Trendlines are the most basic form of technical analysis and help traders identify areas of interest when it comes to support and resistance levels. Additionally, they serve as a useful means of spotting reversals in the market.
Put in short, these lines help traders understand the direction of price action.
How to draw a trendline: In general if you can locate major tops or bottoms in price action, and connect the points, you generally do have a valid trendline. Although, the more tops or bottoms it touches, the stronger the trendline.
There are three types of trends:
- Uptrend - higher lows
- Downtrend - Lower highs
- Sideways Trend - Ranging, inconclusive.
Uptrend indicates that there probably is greater demand for the coin whereas a downward trendline suggests that there is excess supply of a coin, and hence decreasing price levels. For example, a downtrend on a 1day chart suggests that a higher price is unlikely given the longterm downtrend.
Trendlines essentially form support and resistance levels, which are crucial to understand as a trader.
Quick Primer on Support and Resistance Levels
The strength of a line depends on the number of times they are tested.
Support - The price level below which a coin has had difficulty falling beneath. Resistance - The price level which a coin has had difficulty breaching.
Essentially Support indicates a price point below which it is not expected to breach in general. However, when the price goes toward the support line, it goes through a test, and if the price bounces back up from the support it is a confirmation of the support level, else it breaks through and the support level is no longer valid. The support now becomes resistance.
The same way, when the price passes through a resistance, it can potentially become support. Note that the more often a resistance or support is tested, the stronger the area of resistance or support is.
So far we’ve learnt about trendlines and support and resistance levels. We will now move on to ‘channels’ which are essentially parallel lines, the tops and bottoms of which represent potential areas of resistance and support.
There are three types of channels: Upward, downward and sideways.
A sample strategy that a trader might use is to buy when the price hits the lower trendline of the channel and sell when the price hits the upper trendline of the channel. Effectively, the bottom of the channel is considered a buyzone while the top of the channel is considered the sellzone.

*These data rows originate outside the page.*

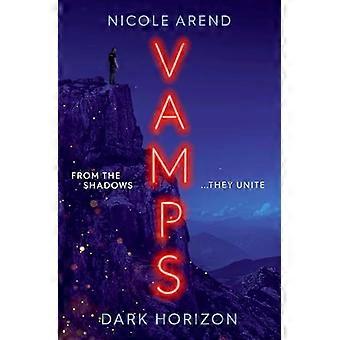 Vamps Dark Horizon, die Coming-of-Age-Vampirfortsetzung von Fresh Blood.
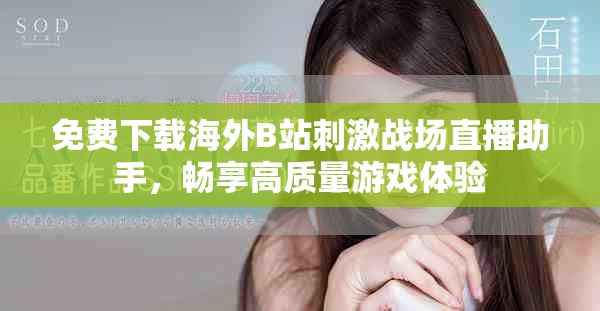 免費(fèi)下載海外B站刺激戰(zhàn)場(chǎng)直播助手，暢享高質(zhì)量游戲體驗(yàn)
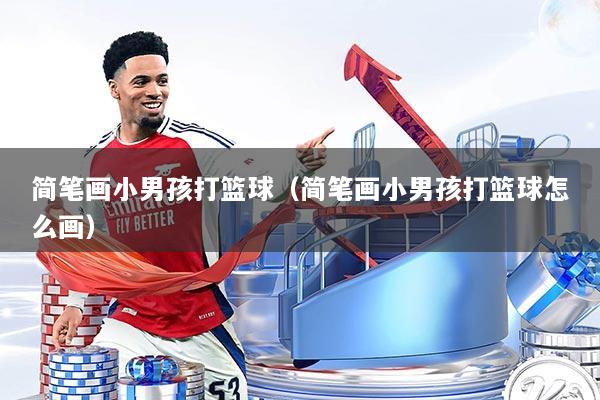 简笔画小男孩打篮球(简笔画小男孩打篮球怎么画)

So now that you’ve learn’t quite a bit, how do you start using these tools to make trading decisions?
- Bounce / Break - There might be an instance wherein the price of a certain asset is close to the support level. This might represent a buying opportunity. However, we do not want to buy and watch the price break support and go further down. We will instead wait for the price to bounce off the support line, which is a form of confirmation that the price has bounced off it, and then place a buy order.

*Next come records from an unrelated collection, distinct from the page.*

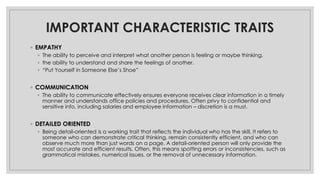 IMPORTANT CHARACTERISTIC TRAITS
◦ EMPATHY
◦ The ability to perceive and interpret what another person is feeling or maybe thinking.
◦ the ability to understand and share the feelings of another.
◦ “Put Yourself in Someone Else’s Shoe”
◦ COMMUNICATION
◦ The ability to communicate effectively ensures everyone receives clear information in a timely
manner and understands office policies and procedures. Often privy to confidential and
sensitive info, including salaries and employee information – discretion is a must.
◦ DETAILED ORIENTED
◦ Being detail-oriented is a working trait that reflects the individual who has the skill. It refers to
someone who can demonstrate critical thinking, remain consistently efficient, and who can
observe much more than just words on a page. A detail-oriented person will only provide the
most accurate and efficient results. Often, this means spotting errors or inconsistencies, such as
grammatical mistakes, numerical issues, or the removal of unnecessary information.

What should you do when support and resistance levels break?
Ideally you would set a stoploss, n order to minimize losses. Lets say you bought ZRX at 15,000 satoshis each. Your technical analysis says that this is the support level. You set a stop loss which is a % below your buying price. Lets say that I want to set my stoploss to 5%, that is sell my ZRX if the price goes to 95% of 15,000 satoshi, which is 14250 satoshis. When I set this stoploss, my ZRX will be sold when the price goes down to 14250 satoshis.
Effectively, I’m risking 750 satoshis per ZRX that I bought.
Moving averages are a simple means of smoothing out price action over time. Looking at the slope of the moving averages plotted, you can better gauge the direction the price is headed in.
The rule of the thumb is: The smoother the MA, the slower it reacts to price movement. The choppier the MA, the quicker it reacts to price movement.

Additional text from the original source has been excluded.